DATA IN THIS EXERCISE Start Marker

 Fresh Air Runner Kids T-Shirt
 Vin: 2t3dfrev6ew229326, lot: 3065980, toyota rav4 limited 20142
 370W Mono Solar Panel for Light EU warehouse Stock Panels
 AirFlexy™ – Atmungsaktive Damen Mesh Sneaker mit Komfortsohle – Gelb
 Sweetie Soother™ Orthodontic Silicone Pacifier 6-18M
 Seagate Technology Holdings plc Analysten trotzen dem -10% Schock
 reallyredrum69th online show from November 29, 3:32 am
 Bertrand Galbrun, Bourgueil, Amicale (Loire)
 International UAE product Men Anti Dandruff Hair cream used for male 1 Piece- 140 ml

DATA IN THIS EXERCISE End Marker
DATA IN THIS EXERCISE Start Marker

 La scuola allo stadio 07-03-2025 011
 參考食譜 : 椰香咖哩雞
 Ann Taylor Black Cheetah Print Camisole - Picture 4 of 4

DATA IN THIS EXERCISE End Marker

#### TASK DESCRIPTION
From the records above, transcribe exactly the run of lines that opens with the line holding "reallyredrum69th online show" and closes with the line holding "International UAE product", both included.

#### RESPONSE BOX
 reallyredrum69th online show from November 29, 3:32 am
 Bertrand Galbrun, Bourgueil, Amicale (Loire)
 International UAE product Men Anti Dandruff Hair cream used for male 1 Piece- 140 ml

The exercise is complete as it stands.